天地万物の創造主である神は、「全知」「全能」「偉大」「正義」「絶対」「慈愛」であることが、聖書全体に溢れ出るほどに記載されている。そしてそのような方が、常に最善をなさる方であるので、この方の庇護下で生きる道が最も正しく賢明で幸せな道であることを聖書に明確に示されたのである。

さて、このように聞くとクリスチャンは、あっさりと同意する。だが、その内容を問いただすと、真面目な人物ほど答えに窮して口ごもってしまう。

神が正義の方であるなら、どうして地上の諸悪を放っておかれるのだ!と、ふと憤りを感じるのではないだろうか?何が悪で、何が善であるかを、人間の視点・考えで勝手に決めてはいけないと、いのちを頂いた最初の最初に言われたのではなかったのか。「善悪の知識の木の実を食べてはいけない」と。だが、人間は不遜にも、善悪は自分で決める、自分で判断できると信じ切っている。これこそアダムの子孫である所以である。このおぞましい罪から逃れる術はないのである。このことをしっかり噛みしめ、受け容れなければならないのである。

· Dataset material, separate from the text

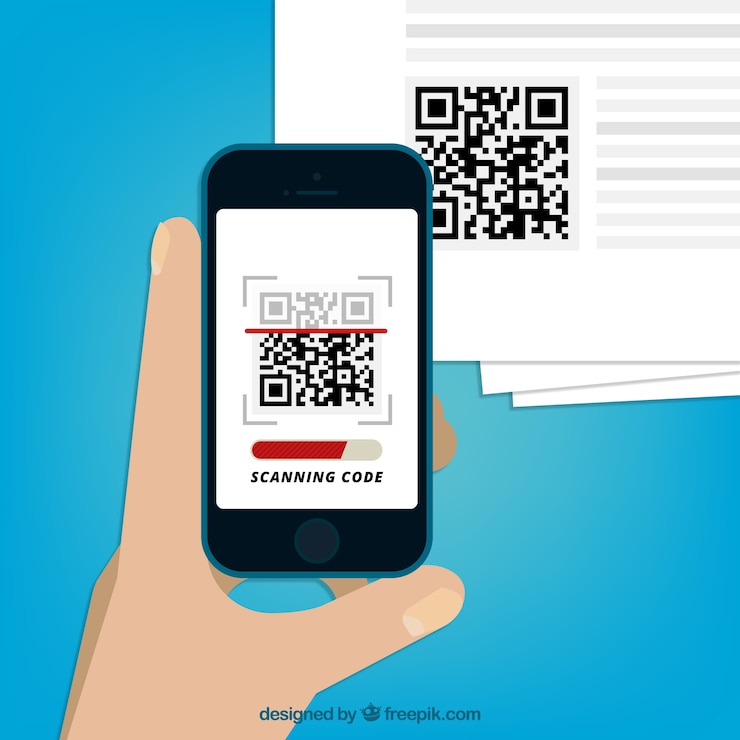Vector  mobile scanning qr code background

そもそもピント外れの人間であるから、人間が考える正義は全能の神の正義とはとことん異なったものであるだろう。そして、神は私たちに正義を行い、最善をしてくださる方だと聖書の文字面を追っかけて、上面だけ納得しても、大体神の正義を理解せず、神の最善を理解しない人間にその内容が理解出来るわけがない。私たちが望むとおりに神がして下さると思って、筋違いの願い、祈りをするのが人間の常である。しかし神の最善は、全く異なったところにあるので、私たちが望まないような結論を下されることがしばしばある。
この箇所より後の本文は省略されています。